Instructions to follow
Retype all of the data word for word, without pictures.

Input data
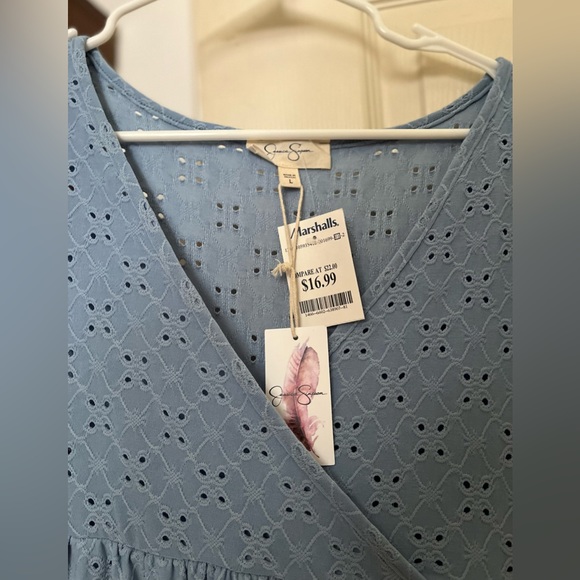 Light blue spring time dress - Picture 3 of 3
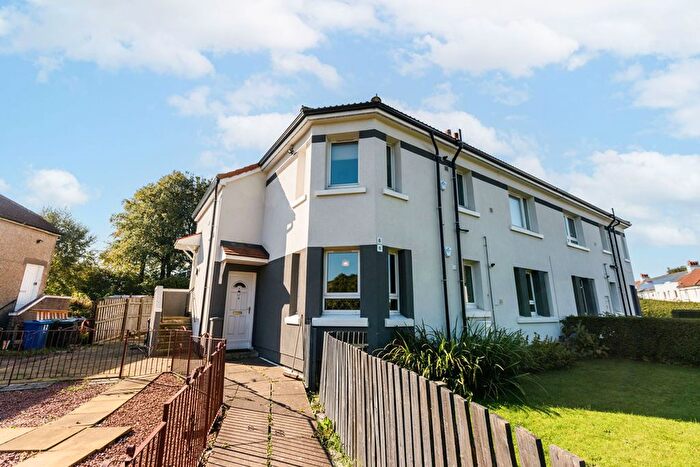 3 Bedroom Flat For Sale In Montgomery Road, Paisley, PA3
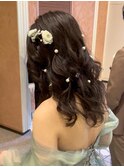 パールとフラワーが彩る大人可愛いダウンスタイル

Finished exercise
 Light blue spring time dress - Picture 3 of 3
 3 Bedroom Flat For Sale In Montgomery Road, Paisley, PA3
 パールとフラワーが彩る大人可愛いダウンスタイル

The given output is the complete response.